Se por acaso me deixavam ficar a ver televisão ainda experimentava um ligeiro estremecimento de receio quando via a senhora a colocar na mesa para o jantar, um pires com dois dos inditosos. A minha consciência nessa altura dava sinais de vida mas não era por arrependimento, era por medo, temia que descobrissem a marosca! No fundo eles bem o mereciam! De vez em quando também se desforravam! Numa das vezes em que me deixaram ficar por ali a rebolar em casa deles, à hora do jantar convidaram-me para comer um prato de canja de perdiz. Pensava que ia jantar à mesa com eles mas acabei por o fazer na cozinha, arrumada à pedra de mármore da lareira. Coitados, tinham-se como gente de fina casta, que não come à mesa junto com a ralé, para não lhes conspurcar a nobre e ditosa refeição! A senhora deu-me então um prato de canja de perdiz onde boiavam uns pequenos ossos dizendo-me que os acabasse de rapar porque o marido não tinha conseguido! Pobres de espírito! Só por isto, abençoados queijos! Não tenho memória do que fazia aos ossos mal rapados, mas a canja engolia-a eu, sôfrega, sempre escorregava melhor do que a espessa sopa de feijões com couves que me esperava em casa!

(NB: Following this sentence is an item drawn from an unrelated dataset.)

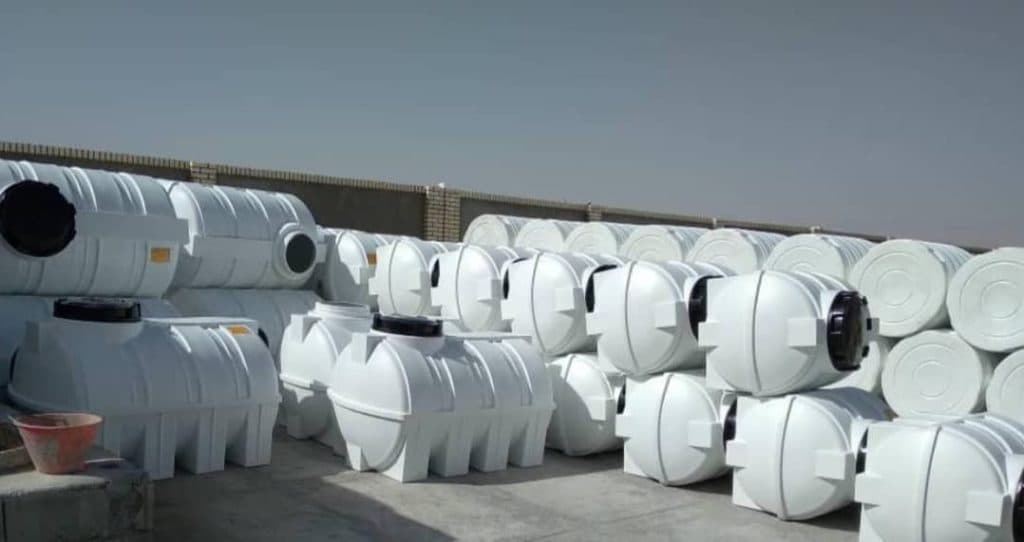 فروشگاه مخزن آب آبیران در قم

Fevereiro 17th, 2009 as 0:01
Estou parvo. O que vale é que os crimes estão prescritos. De qq modo, fica uma absolvição com efeitos retroactivos. E uma penitência: comer um queijo fresco num momento em que não tenha apetite para nada, ou esteja bem enfardada.
Sua malandra! Isso faz-se?
Fevereiro 17th, 2009 as 0:28
Você fez-me rir! 😀
Não imagina o que esta cabecinha era capaz de engendrar! Era uma criança muito só! Enquanto os meus pais trabalhavam durante o dia não tinha ninguém que cuidasse de mim, por isso, dedicava-me a imaginar tropelias! Tenho muitas histórias com este casal! Já morreram! Nunca foram importantes para ninguém! Viveram só para eles, indiferentes aos problemas de quem os rodeava!
Fevereiro 17th, 2009 as 16:16
Todos temos histórias da infância. Nem todos as partilham como faz a Milu.
Fevereiro 17th, 2009 as 16:49
Gosto de partilhar as minhas histórias de infância e sem ser! Sou daquelas pessoas que se riem de si mesmas! Também tenho outras histórias, de quando já era mais crescidinha, tão “cabeludas”, que essas nem às paredes confesso! Vão comigo para a cova! Apenas me arrependo de não ter aproveitado ainda mais a bem-aventurança e o milagre da vida! Agora já é tarde, porque me falta o espírito! Pouco mais quero do que papas e descanso! De vez em quando arrebito, infelizmente, é sol de pouca dura!